Six cases of the infection have been reported since the beginning of July, with two new cases in Pembrokeshire in the last week.
The new cases – one probable and one confirmed – are in addition to four cases previously reported in Swansea, Neath Port Talbot and Powys.
All cases have links to festivals in England, leading Public Health Wales to urge people not to attend big events without checking they and their children are up to date with MMR vaccination.
Sion Lingard, Consultant in Health Protection for Public Health Wales, said: “After not seeing cases of measles in Wales for some time, we’re concerned at six cases being reported in just over a month.

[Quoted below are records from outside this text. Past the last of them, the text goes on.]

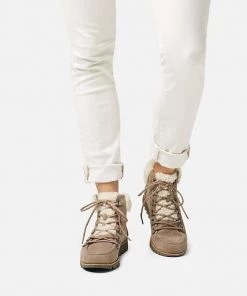 Sorel Harlow Lace Cozy Boot * Last Chance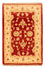 Ziegler Carpet - 88 x 59 cm - röd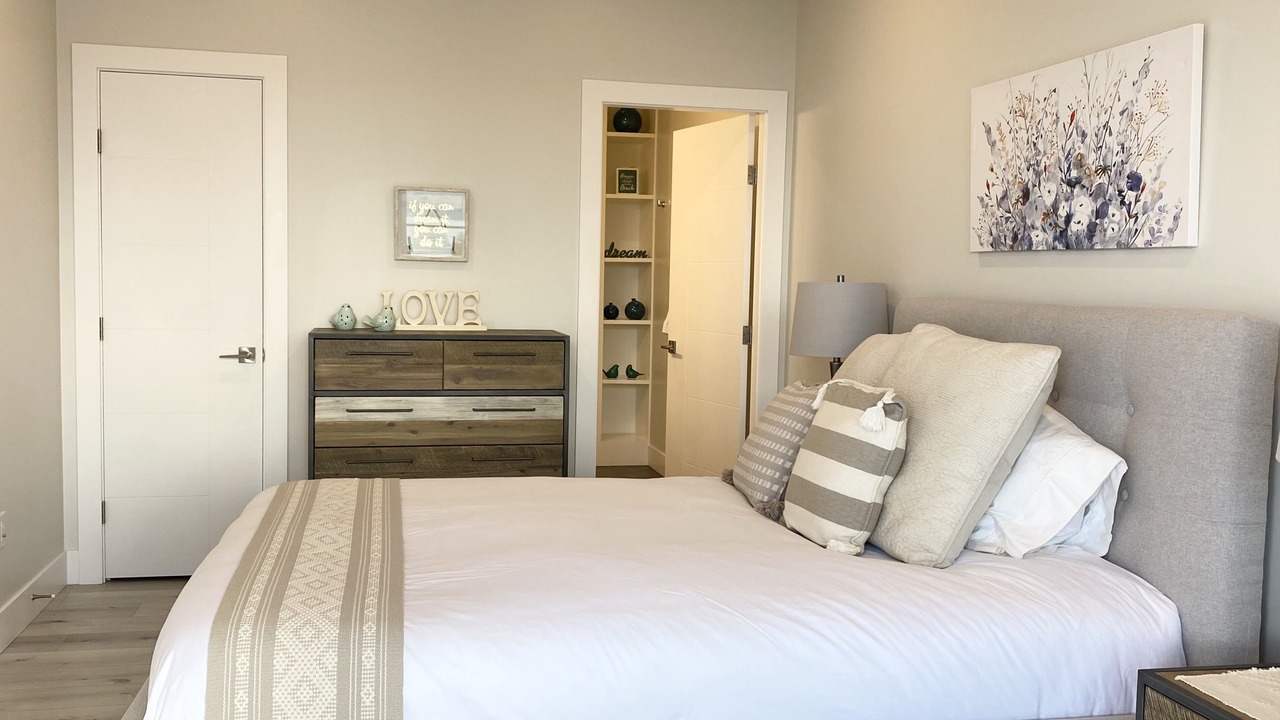 Photo of Bedroom in Okanagan-Similkameen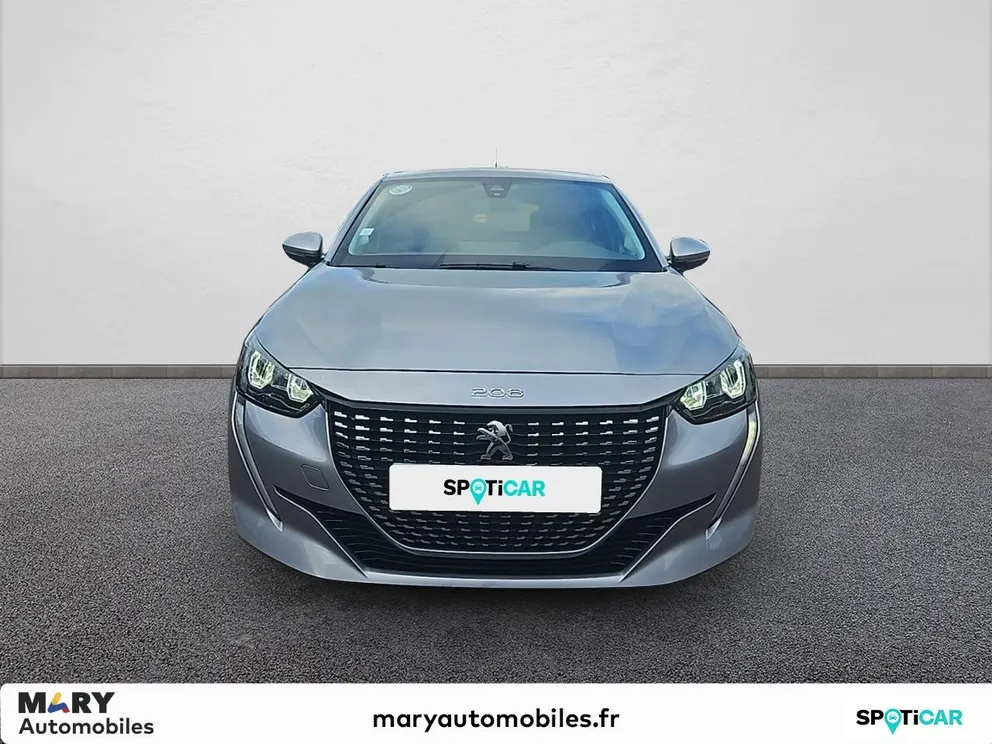 Véhicule occasion 156159 - peugeot 208 - Photo 2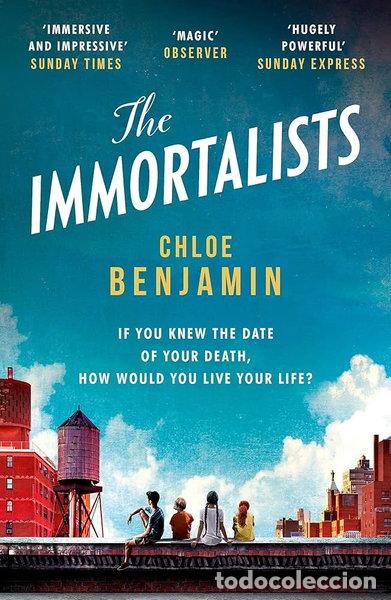 Libri di seconda mano: Immortalists- 9781472245007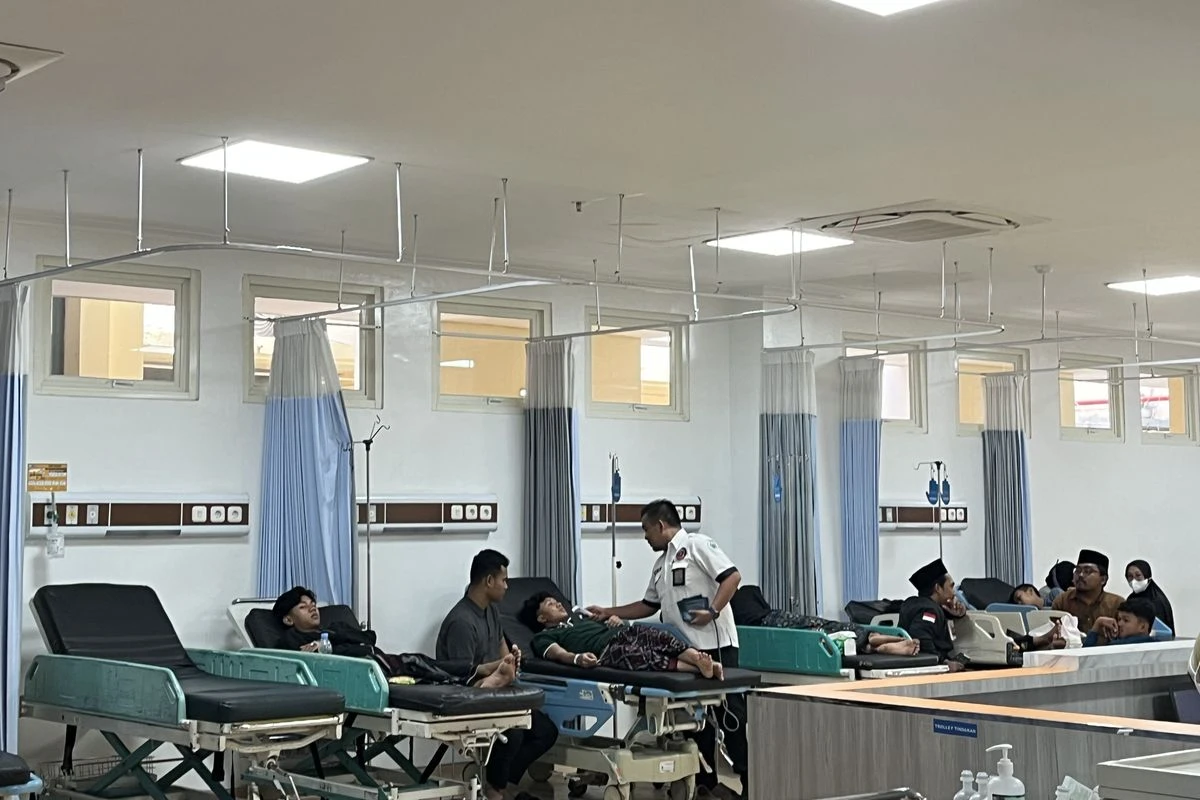 BGN Sebut Kasus Keracunan MBG Berpeluang Masuk Ranah Pidana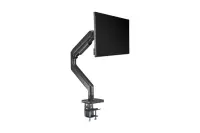 Digitus Desk Mount | Height, tilt, rotation, depth, pivot | Single Monitor Mount | 49 " | Maximum weight (capacity) 20 kg | Black – pilt 6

It is important that those that have not received two doses of the MMR vaccine get vaccinated so that they are protected from this preventable disease.

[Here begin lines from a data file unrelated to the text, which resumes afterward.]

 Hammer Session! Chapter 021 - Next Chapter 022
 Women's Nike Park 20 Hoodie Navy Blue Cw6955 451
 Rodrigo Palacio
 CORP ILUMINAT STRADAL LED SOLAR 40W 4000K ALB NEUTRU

“People who are not vaccinated not only risk catching measles themselves, but could also pass it to babies too young to have received MMR and who are at risk of serious complications.

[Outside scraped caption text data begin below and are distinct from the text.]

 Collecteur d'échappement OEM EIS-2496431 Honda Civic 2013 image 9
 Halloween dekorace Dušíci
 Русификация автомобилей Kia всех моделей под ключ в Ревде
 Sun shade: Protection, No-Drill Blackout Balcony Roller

“Anyone who has a rash that could be measles is urged not to attend events where unvaccinated people could be present, but to seek advice from their GP. Do not attend A&E or your GP surgery without calling first as if you do have measles, you could pass it to others in the waiting room.”
Measles is a serious and highly contagious viral disease that can cause complications and can even prove fatal. The illness starts with cold or flu-like symptoms, followed by a rash after 2-4 days.
Crowds of people provide the perfect environment for infectious diseases like measles to circulate, but two doses of the safe and effective MMR vaccine offers protection.
Many people who catch measles will have a fever, cough, red eyes, and blocked nose and feel generally unwell. The blotchy rash appears a few days later beginning on the face and spreading downwards to the rest of the body over several days.
If you have not received two doses of MMR and attend large events where hundreds of people are present, you are at risk of contracting measles. People around you may not have any symptoms, but could still be infectious.
Vaccination is free on the NHS by arranging an appointment with your GP, and it’s never too late to catch up on missed doses.
Children should receive their first dose of the vaccine at 12 months of age and the second at around three years and four years of age, but older children and adults can receive the vaccination at any time.